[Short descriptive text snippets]
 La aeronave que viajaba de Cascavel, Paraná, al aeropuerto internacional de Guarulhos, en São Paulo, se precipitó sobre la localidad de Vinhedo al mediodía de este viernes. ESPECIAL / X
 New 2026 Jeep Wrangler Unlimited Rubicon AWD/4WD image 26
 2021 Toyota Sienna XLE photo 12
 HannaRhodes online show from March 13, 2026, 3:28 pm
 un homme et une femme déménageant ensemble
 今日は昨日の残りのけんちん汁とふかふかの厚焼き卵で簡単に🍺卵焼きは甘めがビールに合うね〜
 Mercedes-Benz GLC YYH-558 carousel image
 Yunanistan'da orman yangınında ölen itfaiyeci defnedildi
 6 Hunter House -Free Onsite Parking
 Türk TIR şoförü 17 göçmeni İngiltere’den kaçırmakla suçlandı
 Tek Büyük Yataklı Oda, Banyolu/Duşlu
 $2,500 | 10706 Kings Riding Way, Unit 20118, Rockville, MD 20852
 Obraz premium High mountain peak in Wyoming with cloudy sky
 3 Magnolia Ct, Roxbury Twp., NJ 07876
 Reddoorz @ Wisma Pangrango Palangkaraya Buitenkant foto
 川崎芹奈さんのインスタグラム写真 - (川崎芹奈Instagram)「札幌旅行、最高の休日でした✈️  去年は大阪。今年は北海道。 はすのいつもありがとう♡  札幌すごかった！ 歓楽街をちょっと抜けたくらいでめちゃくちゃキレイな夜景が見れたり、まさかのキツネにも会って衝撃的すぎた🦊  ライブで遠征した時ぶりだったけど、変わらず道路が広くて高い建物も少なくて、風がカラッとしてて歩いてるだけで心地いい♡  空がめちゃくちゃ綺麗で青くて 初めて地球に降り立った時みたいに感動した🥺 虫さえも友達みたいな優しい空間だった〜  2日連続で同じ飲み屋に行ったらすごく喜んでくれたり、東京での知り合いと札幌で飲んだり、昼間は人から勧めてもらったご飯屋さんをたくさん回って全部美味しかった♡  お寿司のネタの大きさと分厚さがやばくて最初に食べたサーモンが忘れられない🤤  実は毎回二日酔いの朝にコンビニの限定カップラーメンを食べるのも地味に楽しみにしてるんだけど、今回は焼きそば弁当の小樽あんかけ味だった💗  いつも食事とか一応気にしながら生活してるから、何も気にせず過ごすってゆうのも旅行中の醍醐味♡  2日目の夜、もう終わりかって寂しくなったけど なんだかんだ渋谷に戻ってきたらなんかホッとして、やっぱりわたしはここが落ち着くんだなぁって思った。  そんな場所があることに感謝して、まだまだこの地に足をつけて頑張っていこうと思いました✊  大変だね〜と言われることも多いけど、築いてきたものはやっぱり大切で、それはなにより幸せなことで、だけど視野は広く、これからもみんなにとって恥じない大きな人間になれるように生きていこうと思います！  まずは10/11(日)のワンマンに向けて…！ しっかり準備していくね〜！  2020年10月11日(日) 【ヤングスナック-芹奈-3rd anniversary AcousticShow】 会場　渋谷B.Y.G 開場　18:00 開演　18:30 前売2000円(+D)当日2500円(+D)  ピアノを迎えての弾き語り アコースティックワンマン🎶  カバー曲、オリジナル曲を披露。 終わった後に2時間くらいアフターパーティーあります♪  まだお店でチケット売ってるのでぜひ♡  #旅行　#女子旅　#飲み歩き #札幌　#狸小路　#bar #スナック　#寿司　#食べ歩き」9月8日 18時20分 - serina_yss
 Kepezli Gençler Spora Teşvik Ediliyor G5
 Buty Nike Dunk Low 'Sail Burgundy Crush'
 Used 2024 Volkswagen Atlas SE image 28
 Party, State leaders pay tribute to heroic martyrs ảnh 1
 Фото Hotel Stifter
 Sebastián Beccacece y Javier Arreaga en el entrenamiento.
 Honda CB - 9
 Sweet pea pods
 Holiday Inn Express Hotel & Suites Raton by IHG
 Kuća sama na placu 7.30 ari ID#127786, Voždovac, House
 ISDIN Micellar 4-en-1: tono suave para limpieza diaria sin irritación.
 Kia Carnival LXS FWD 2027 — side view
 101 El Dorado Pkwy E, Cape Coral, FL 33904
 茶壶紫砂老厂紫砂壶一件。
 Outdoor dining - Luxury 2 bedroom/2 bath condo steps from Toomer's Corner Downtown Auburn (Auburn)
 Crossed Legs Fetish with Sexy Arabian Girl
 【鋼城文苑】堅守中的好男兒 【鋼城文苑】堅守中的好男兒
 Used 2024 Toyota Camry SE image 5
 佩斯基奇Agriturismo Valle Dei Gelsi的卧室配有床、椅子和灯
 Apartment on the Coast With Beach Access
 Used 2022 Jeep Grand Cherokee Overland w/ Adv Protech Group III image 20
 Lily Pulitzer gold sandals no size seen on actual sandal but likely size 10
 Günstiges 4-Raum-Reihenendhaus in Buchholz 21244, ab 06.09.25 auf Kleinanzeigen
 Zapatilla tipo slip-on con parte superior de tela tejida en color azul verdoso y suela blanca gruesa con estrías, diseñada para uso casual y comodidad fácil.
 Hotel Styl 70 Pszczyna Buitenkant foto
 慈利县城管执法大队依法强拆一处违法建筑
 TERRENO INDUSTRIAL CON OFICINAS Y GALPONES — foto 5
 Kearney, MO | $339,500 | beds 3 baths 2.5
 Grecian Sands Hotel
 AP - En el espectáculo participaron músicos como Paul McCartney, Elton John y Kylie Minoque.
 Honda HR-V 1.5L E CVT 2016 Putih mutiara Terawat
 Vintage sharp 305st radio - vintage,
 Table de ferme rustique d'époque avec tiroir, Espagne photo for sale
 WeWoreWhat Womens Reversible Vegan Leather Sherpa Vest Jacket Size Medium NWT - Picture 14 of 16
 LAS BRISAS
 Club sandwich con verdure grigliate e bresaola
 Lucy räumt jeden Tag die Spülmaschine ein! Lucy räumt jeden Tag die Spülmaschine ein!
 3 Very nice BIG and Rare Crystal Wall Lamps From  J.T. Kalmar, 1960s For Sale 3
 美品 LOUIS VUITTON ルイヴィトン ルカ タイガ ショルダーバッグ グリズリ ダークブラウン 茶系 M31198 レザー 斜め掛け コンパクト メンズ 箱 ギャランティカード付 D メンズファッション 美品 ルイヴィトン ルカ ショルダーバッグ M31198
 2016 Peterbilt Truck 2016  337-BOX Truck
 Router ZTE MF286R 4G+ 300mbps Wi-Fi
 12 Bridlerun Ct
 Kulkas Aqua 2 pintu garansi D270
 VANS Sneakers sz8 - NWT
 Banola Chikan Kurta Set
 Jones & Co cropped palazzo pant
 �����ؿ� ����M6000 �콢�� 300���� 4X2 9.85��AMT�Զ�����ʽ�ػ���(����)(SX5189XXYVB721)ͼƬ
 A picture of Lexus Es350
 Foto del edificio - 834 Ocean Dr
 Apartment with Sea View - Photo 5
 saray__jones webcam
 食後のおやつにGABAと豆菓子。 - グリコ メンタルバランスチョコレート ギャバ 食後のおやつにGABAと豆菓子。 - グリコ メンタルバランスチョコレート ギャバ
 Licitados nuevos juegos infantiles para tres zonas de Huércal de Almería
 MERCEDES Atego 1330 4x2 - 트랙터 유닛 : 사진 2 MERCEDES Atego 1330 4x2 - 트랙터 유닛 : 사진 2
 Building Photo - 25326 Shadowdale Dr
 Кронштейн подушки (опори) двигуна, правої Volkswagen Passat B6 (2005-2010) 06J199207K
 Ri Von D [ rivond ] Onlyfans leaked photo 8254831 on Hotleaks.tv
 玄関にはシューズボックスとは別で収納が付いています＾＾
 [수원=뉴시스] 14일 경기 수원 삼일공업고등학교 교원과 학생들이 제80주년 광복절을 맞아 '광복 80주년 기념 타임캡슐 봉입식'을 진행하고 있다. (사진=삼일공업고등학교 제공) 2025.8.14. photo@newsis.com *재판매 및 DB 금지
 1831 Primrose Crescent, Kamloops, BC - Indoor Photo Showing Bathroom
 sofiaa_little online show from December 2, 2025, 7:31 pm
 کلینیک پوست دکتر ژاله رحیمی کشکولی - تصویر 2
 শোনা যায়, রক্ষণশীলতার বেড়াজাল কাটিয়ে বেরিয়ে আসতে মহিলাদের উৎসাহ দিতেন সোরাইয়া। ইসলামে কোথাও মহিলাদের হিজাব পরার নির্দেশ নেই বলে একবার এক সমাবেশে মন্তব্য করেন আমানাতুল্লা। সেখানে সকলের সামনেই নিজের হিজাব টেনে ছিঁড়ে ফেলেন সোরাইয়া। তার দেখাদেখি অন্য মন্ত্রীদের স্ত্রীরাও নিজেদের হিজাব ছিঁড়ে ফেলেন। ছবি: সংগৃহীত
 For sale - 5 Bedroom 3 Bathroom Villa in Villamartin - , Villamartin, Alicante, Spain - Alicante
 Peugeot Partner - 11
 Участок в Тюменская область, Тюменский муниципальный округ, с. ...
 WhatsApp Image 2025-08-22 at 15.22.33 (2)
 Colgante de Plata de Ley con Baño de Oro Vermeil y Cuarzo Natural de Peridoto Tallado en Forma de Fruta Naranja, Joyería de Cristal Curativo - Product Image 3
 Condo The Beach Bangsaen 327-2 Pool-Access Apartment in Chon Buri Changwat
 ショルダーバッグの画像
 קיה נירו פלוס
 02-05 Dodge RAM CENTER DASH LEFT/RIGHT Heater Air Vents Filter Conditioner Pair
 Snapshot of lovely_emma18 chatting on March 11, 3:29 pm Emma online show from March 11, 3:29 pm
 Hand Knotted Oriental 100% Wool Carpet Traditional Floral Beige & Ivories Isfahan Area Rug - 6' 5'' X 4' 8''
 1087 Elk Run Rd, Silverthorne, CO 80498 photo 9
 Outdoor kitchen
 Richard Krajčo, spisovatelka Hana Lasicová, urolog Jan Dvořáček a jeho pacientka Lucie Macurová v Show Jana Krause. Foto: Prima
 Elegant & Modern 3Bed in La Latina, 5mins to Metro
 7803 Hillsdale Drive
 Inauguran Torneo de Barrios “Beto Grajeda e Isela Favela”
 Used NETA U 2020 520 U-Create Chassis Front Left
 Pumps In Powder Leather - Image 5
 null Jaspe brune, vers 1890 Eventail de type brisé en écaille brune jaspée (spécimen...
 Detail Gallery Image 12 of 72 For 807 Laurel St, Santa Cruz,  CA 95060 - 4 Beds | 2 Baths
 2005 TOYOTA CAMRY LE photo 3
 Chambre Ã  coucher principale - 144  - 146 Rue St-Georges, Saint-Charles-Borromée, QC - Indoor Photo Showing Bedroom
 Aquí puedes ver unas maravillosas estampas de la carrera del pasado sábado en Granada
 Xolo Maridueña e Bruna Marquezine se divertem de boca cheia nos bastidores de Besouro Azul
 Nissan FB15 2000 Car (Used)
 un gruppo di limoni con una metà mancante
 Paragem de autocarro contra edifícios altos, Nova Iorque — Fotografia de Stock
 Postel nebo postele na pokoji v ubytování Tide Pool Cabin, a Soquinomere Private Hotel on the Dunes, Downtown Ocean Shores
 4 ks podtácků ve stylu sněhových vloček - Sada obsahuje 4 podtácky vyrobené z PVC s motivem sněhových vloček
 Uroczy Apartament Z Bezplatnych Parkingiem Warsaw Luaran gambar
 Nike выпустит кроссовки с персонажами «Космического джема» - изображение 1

# Required work:
Please retype exactly the line containing "un gruppo di limoni con una metà mancante" and each line after it to the end of the records, and nothing more.

# Written solution:
 un gruppo di limoni con una metà mancante
 Paragem de autocarro contra edifícios altos, Nova Iorque — Fotografia de Stock
 Postel nebo postele na pokoji v ubytování Tide Pool Cabin, a Soquinomere Private Hotel on the Dunes, Downtown Ocean Shores
 4 ks podtácků ve stylu sněhových vloček - Sada obsahuje 4 podtácky vyrobené z PVC s motivem sněhových vloček
 Uroczy Apartament Z Bezplatnych Parkingiem Warsaw Luaran gambar
 Nike выпустит кроссовки с персонажами «Космического джема» - изображение 1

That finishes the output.